“I have felt used by people who presented themselves as my friends and whom I hadn’t seen more than once or twice in my life. They have used that to their own benefit. But it’s an experience we all go through,” he told Argentine journalist Marcelo Gallardo, a real-life friend since the days when the pope was bishop Jorge Mario Bergoglio of Buenos Aires.
“Friendship in the utilitarian sense – let’s see what advantage I can gain by getting close to this person and becoming friends – that pains me,” he told Gallardo in the interview, broadcast Sunday.
“Friendship is something sacred. The Bible says to have one or two friends.”
Francis, whose papacy began in March 2013, also touched on environmental destruction and religious fundamentalism in the wide-ranging conversation – a rare interview with a non-religious broadcaster.
Echoing the bold appeal to care for the planet he issued in a sweeping encyclical in June, the pope condemned humankind’s “abuse of creation.”
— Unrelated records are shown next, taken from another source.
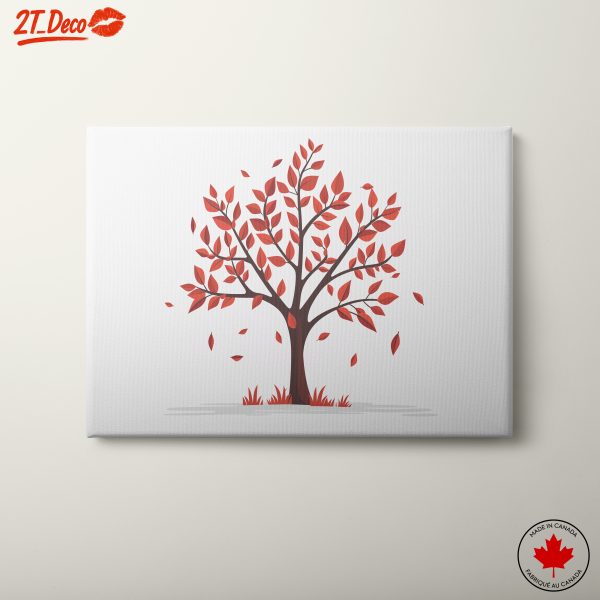Stylized Botanical Tree with Red Leaves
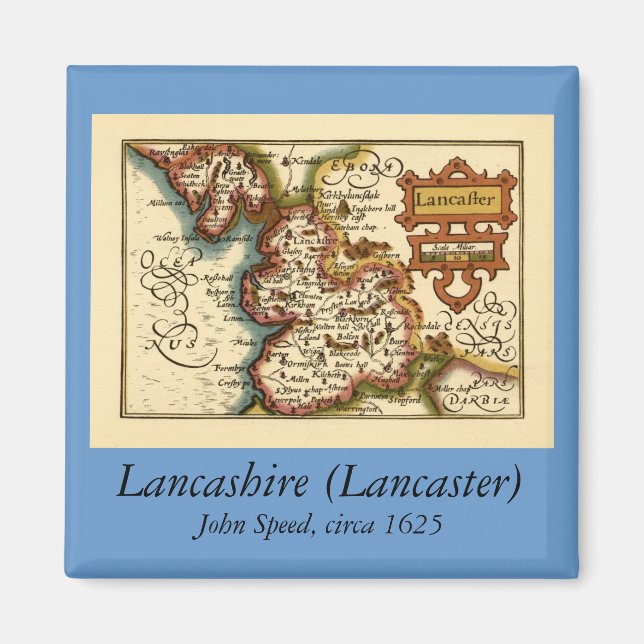 Imán Mapa Anticuario del Condado de Lancashire Inglater (Frente)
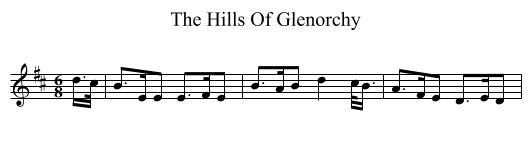 The Hills Of Glenorchy - staff notation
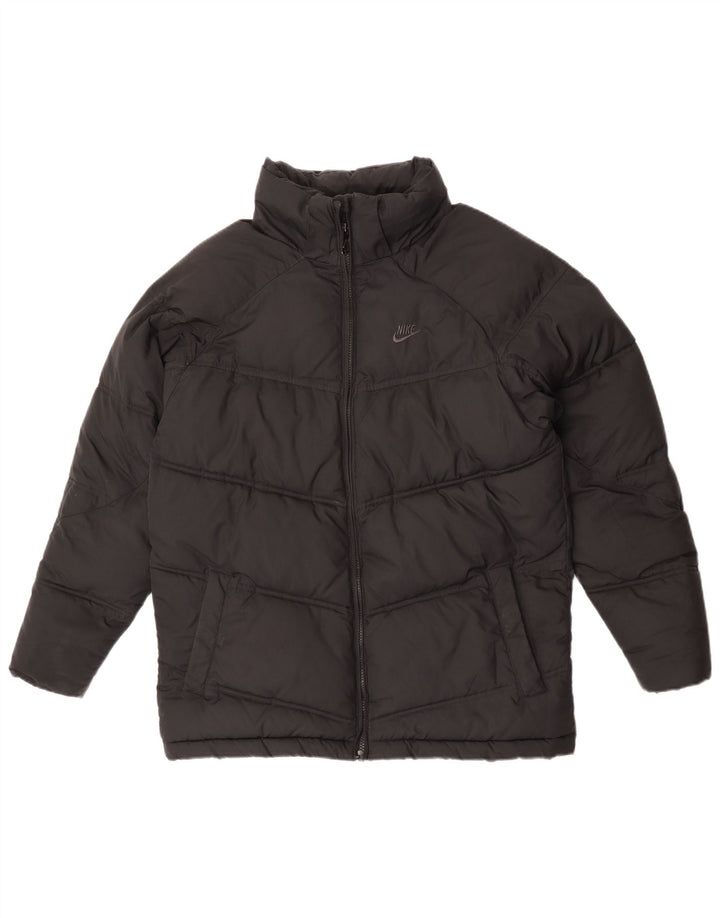 Nike Boys Hooded Padded Jacket 13-14 Years XL Black Polyester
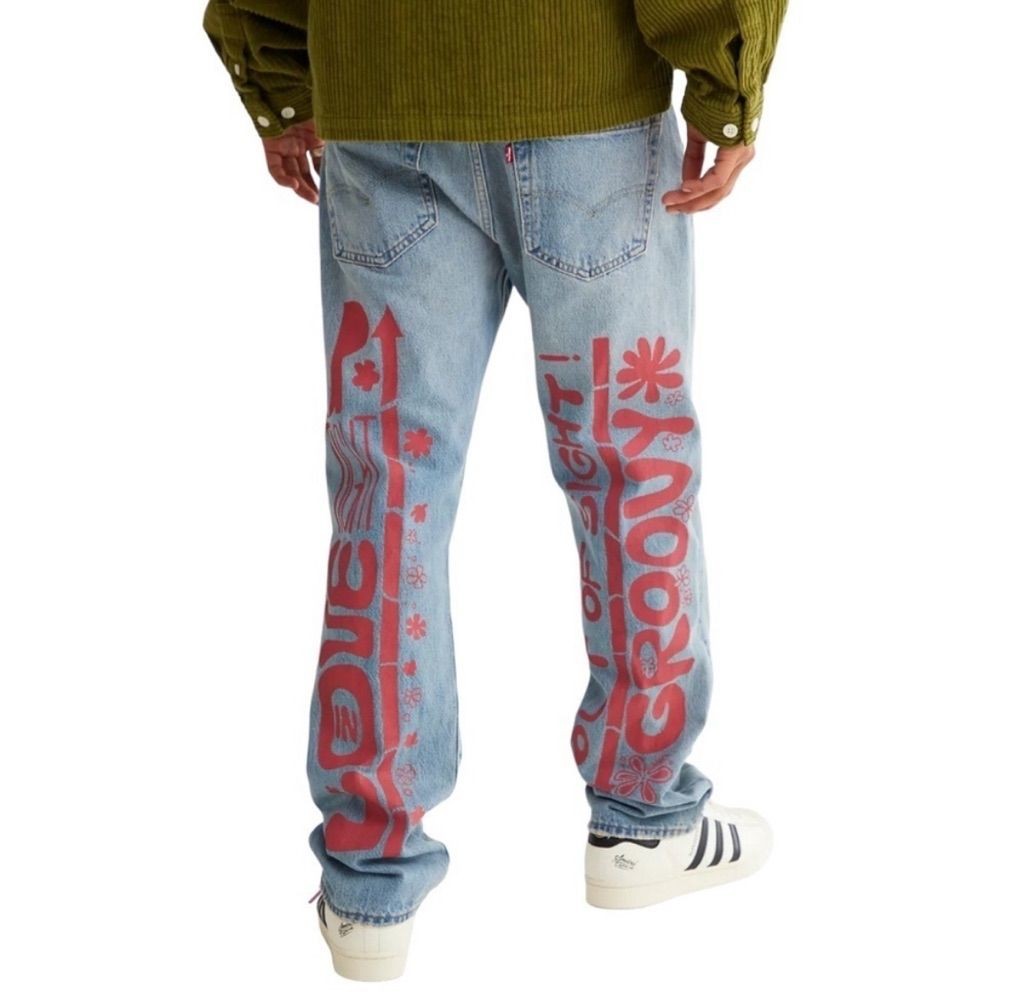 LEVI’S Men’s Premium 501 Original SUMMER LOVE JEANS Festival Groovy Sz 33×30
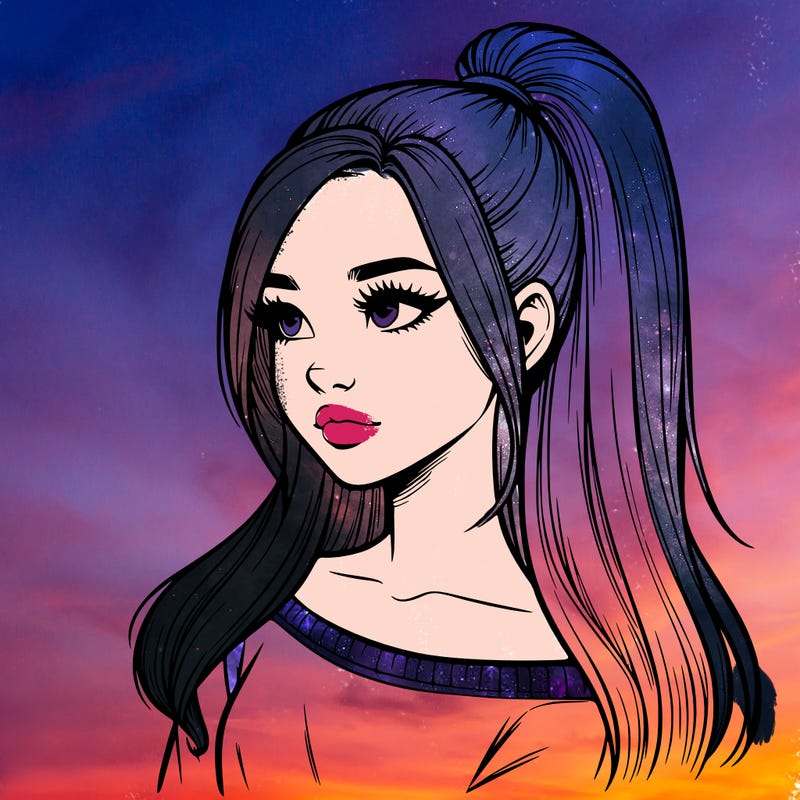 realistic girl with a high ponytail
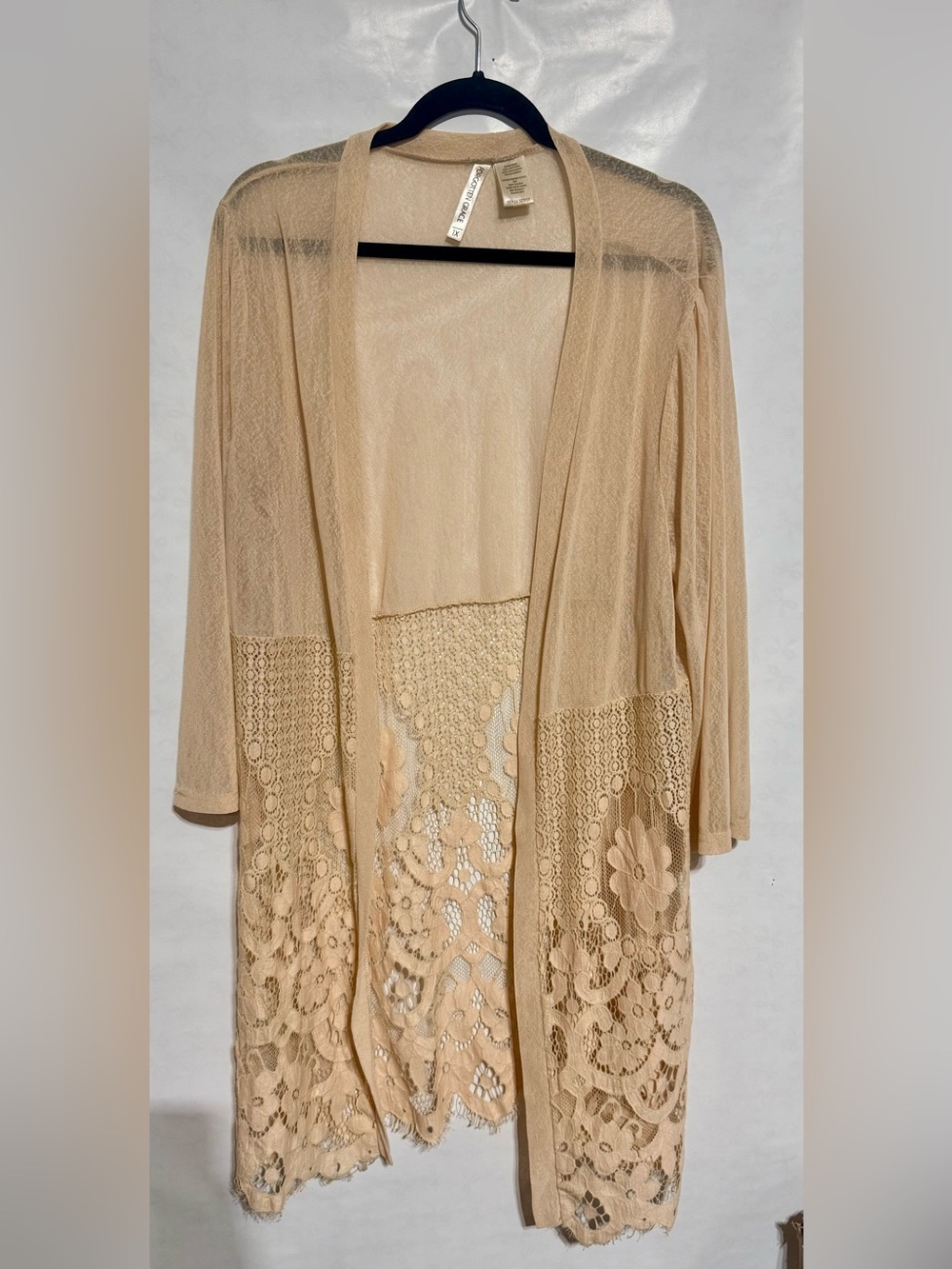 Lightweight Beige Lace-Trim Open Cardigan - Brand: Forgotten Grace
“We’re not friends of creation. Sometimes we treat it like our worst enemy. Think of deforestation, misuse of water, methods of extracting minerals with elements like arsenic and cyanide that end up making people sick,” he said.
Of fundamentalists, he said: “Their mission is to destroy in the name of an idea, not a reality…. They kill, attack, destroy, malign in the name of an ideological god.”
The interview came as the pope prepares to visit Cuba and the United States from September 19 to 28.